Storing a signed integer statistic that is either an integer or an integer that is a result from calling a function or an object’s method.

Function signatures Descriptions
Counter value() returns the value as an integer
Result result() const returns the value as a double
Result total() const returns the value as a double
size_type size() const returns 1
bool zero() const returns true if the value is zero, returns false otherwise

Stats::Vector

Storing an array of scalar statistics where each element of the vector has function signatures similar to those of Stats::Scalar.

Function signatures Descriptions
Derived & init(size_type size) initializes the vector to the given size (throws an error if attempting to resize an initilized vector)
Derived & subname(off_type index, const std::string &name) adds a name to the statistic at the given index
Derived & subdesc(off_type index, const std::string &desc) adds a description to the statistic at the given index
void value(VCounter &vec) const copies the vector of statistics to the given vector of integers
void result(VResult &vec) const copies the vector of statistics to the given vector of doubles
Result total() const returns the sum of all statistics in the vector as a double
size_type size() const returns the size of the vector
bool zero() const returns true if each statistic in the vector is 0, returns false otherwise
operator[](off_type index) gets the reference to the statistic at the given index, e.g. vecStats[1]+=9

Stats::AverageVector

Storing an array of average statistics where each element of the vector has function signatures similar to those of Stats::Average.
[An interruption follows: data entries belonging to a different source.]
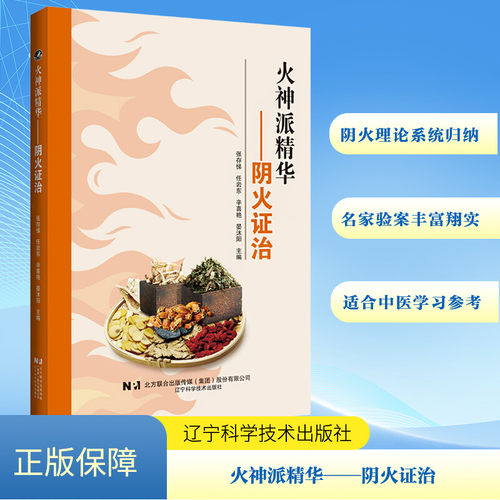 火神派精华 阴火证治 张存悌 阴火理论起源和发展过程 阴火的辨治格局 常用方药 名家验案 阴火证治理论 阴火辨治案例书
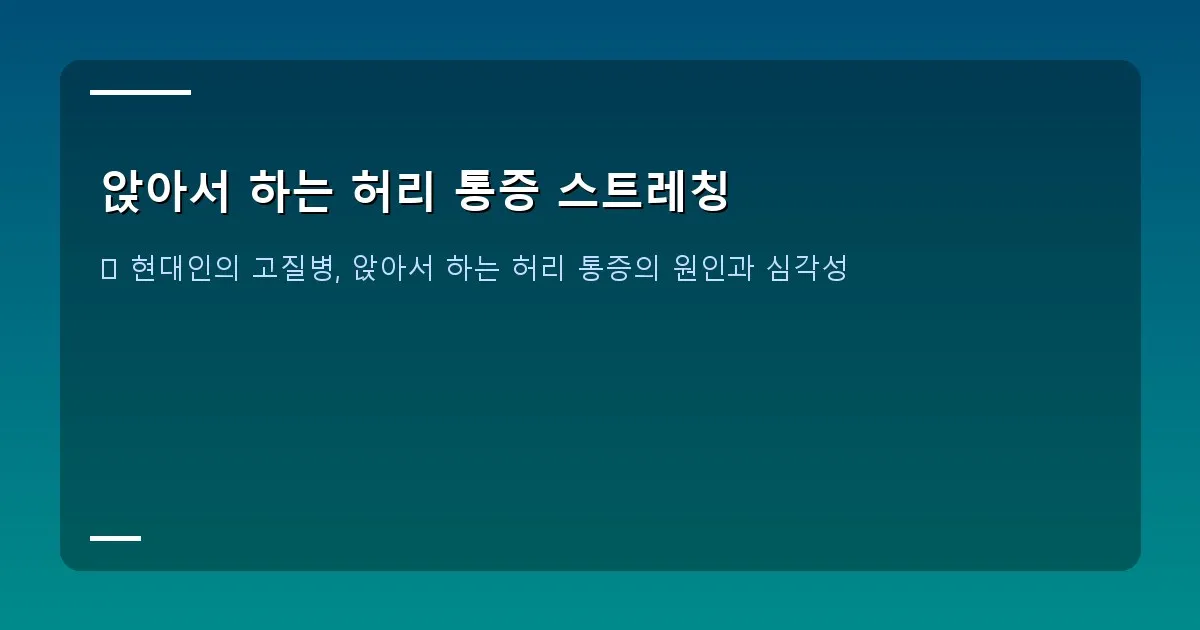 앉아서 하는 허리 통증 스트레칭 - 의자에 앉아 허리 스트레칭을 하는 사람의 모습 (대표 이미지)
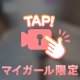 ドキドキの音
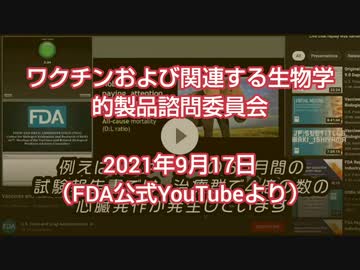 【米政府機関】接種後、米国内で15万人死亡の可能性【新型コロナワク●ン】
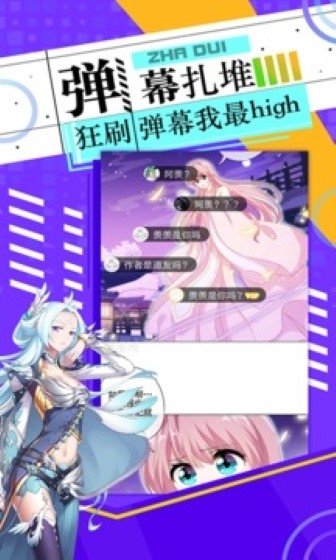 皮皮喵漫画免费阅读下载  免费安卓版 2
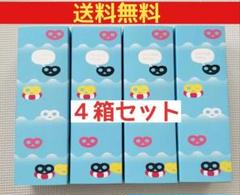 ★グミッツェル★夏季限定 グミッツェルプチの夏休み ４箱　送料無料　匿名配送 ☆グミッツェル☆夏季限定 グミッツェルプチの夏休み 4箱 送料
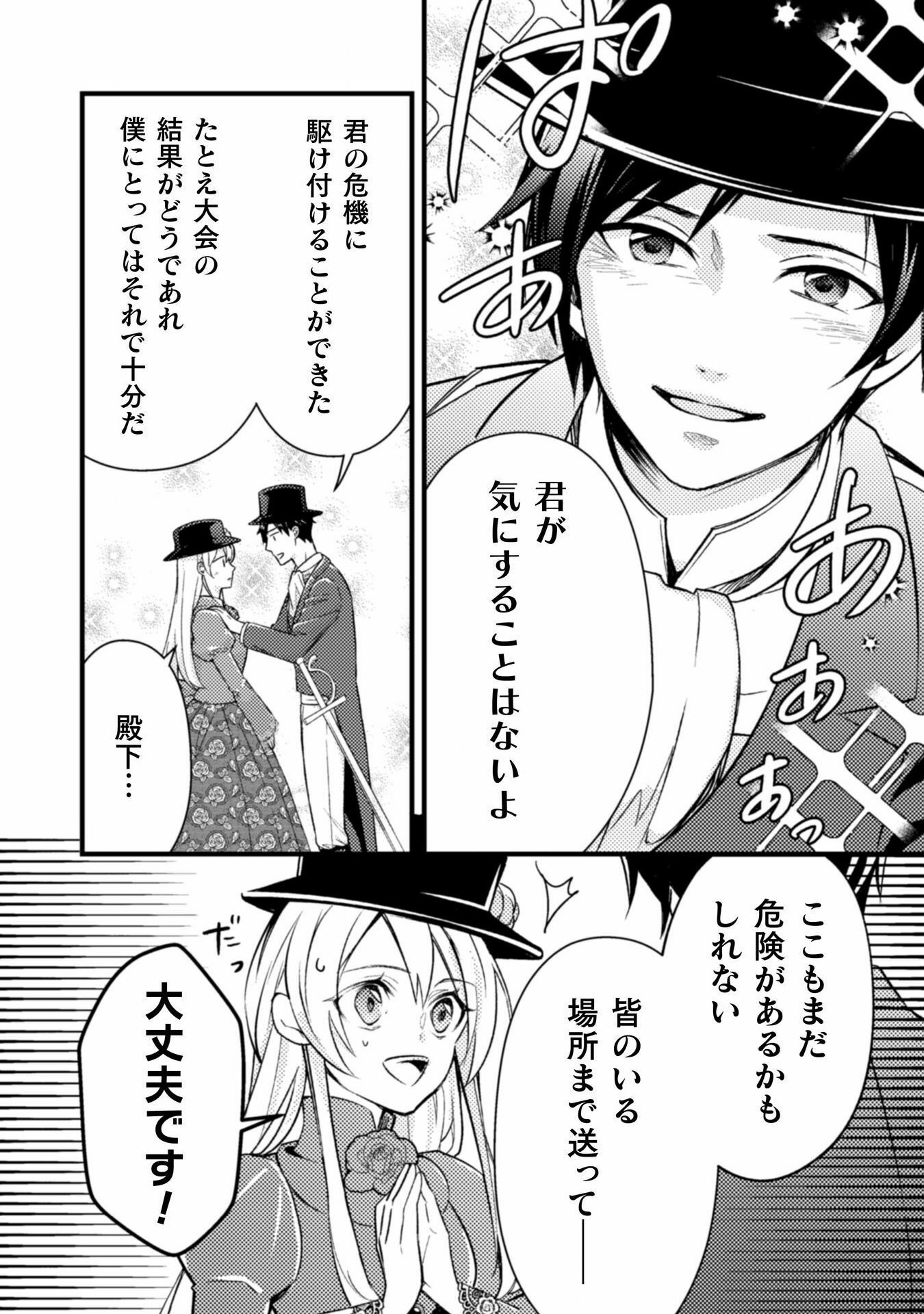 AKUYAKU REIJOU NI TENSEI SHITA NO DE, KAKURE HIGH-SPEC OUJI TO HAMETSU NO UNMEI WO KAIHISHIMASU! Chapter 10 page 16 - nihonkuni.com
Function signatures Descriptions
Derived & init(size_type size) initializes the vector to the given size (throws an error if attempting to resize an initilized vector)
Derived & subname(off_type index, const std::string &name) adds a name to the statistic at the given index
Derived & subdesc(off_type index, const std::string &desc) adds a description to the statistic at the given index
void value(VCounter &vec) const copies the vector of statistics to the given vector of integers
void result(VResult &vec) const copies the vector of statistics to the given vector of doubles
Result total() const returns the sum of all statistics in the vector as a double
size_type size() const returns the size of the vector
bool zero() const returns true if each statistic in the vector is 0, returns false otherwise
operator[](off_type index) gets the reference to the statistic at the given index, e.g. avgStats[1].set(9)

Stats::Vector2d

Storing a 2-dimensional array of scalar statistics, where each element of the array has function signatures similar to those of Stats::Scalar. This data structure assumes all elements whose the same second dimension index has the same name.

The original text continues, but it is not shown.